** EXERCISE DESCRIPTION **
Exact reproduction, images excluded: write out the records below.

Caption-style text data
=-=-=-=-=

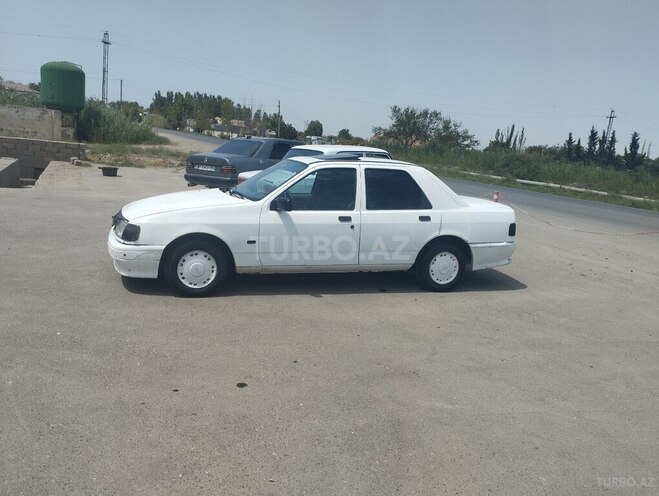 Ford Sierra 1988, 500,000 km - 1.6 l - Salyan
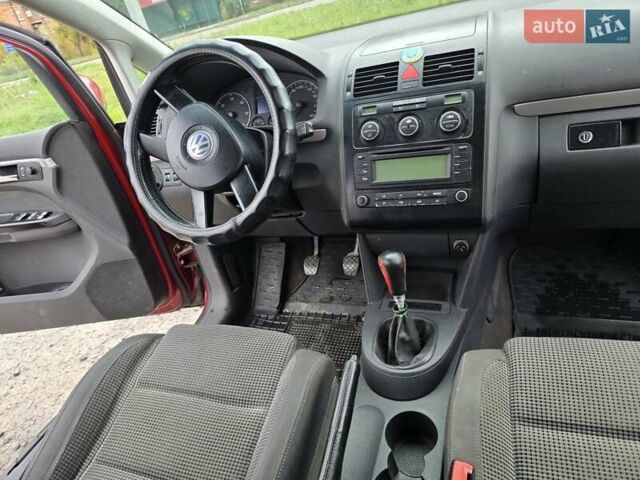 Червоний Фольксваген Туран, об'ємом двигуна 1.97 л та пробігом 387 тис. км за 4900 $, фото 17 на Automoto.ua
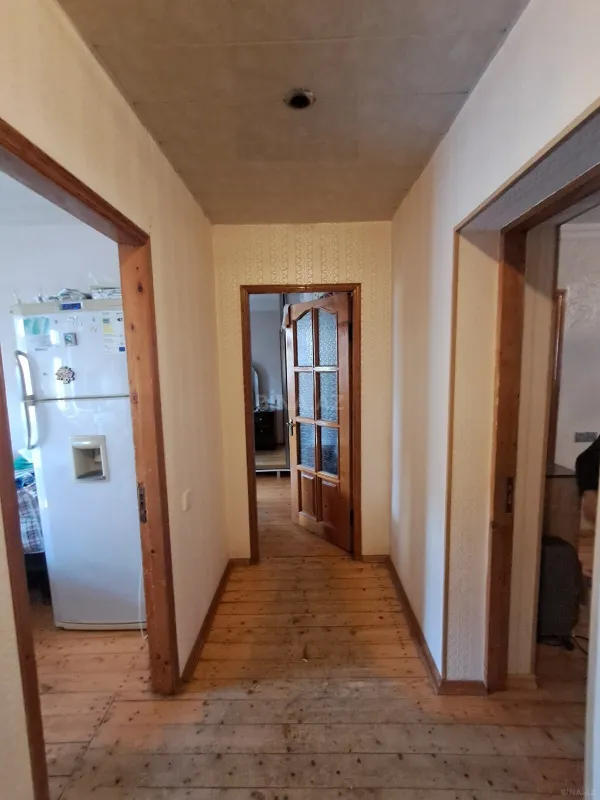 Satılır 4 otaqlı mənzil 90 m²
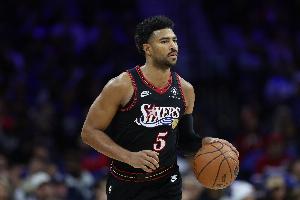 手感不好但还是全面！格莱姆斯13中5得12分5板6助 5记三分全打铁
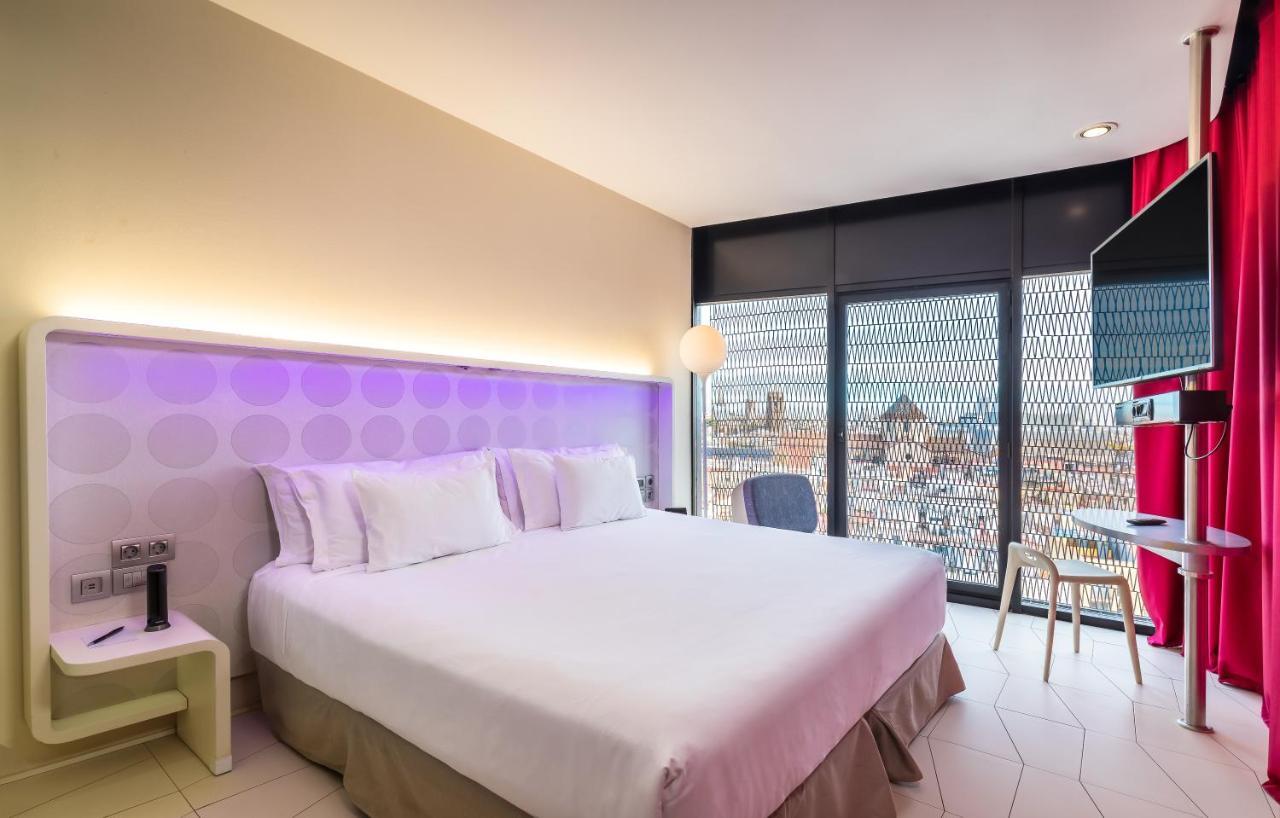 Deluxe Barcelona city View,1345398530:JPEG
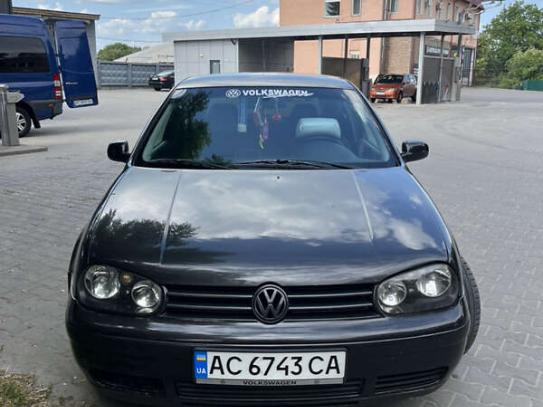 Volkswagen Golf
                            2000г. в рассрочку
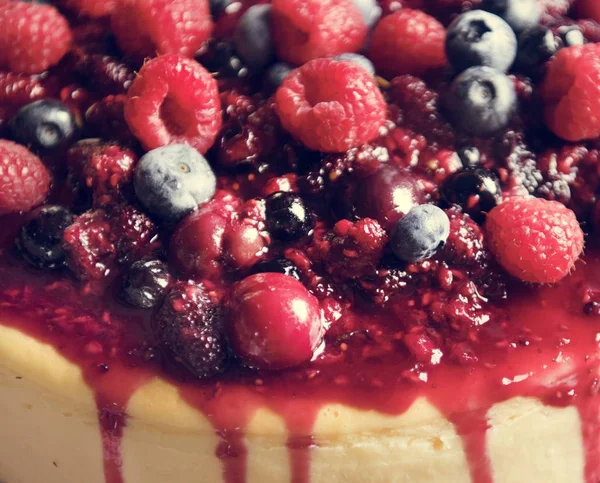 Frische Beeren Käsekuchen Lebensmittel Fotografie Rezeptidee — Stockfoto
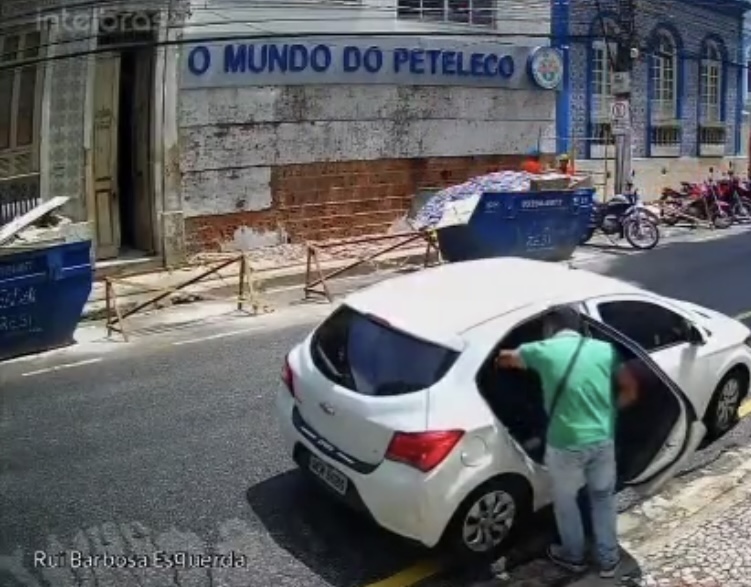 Homem é assaltado em frente a escola de alto padrão em Belém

=-=-=-=-=

** PROBLEM SOLUTION **
 Ford Sierra 1988, 500,000 km - 1.6 l - Salyan
 Червоний Фольксваген Туран, об'ємом двигуна 1.97 л та пробігом 387 тис. км за 4900 $, фото 17 на Automoto.ua
 Satılır 4 otaqlı mənzil 90 m²
 手感不好但还是全面！格莱姆斯13中5得12分5板6助 5记三分全打铁
 Deluxe Barcelona city View,1345398530:JPEG
 Volkswagen Golf
                            2000г. в рассрочку
 Frische Beeren Käsekuchen Lebensmittel Fotografie Rezeptidee — Stockfoto
 Homem é assaltado em frente a escola de alto padrão em Belém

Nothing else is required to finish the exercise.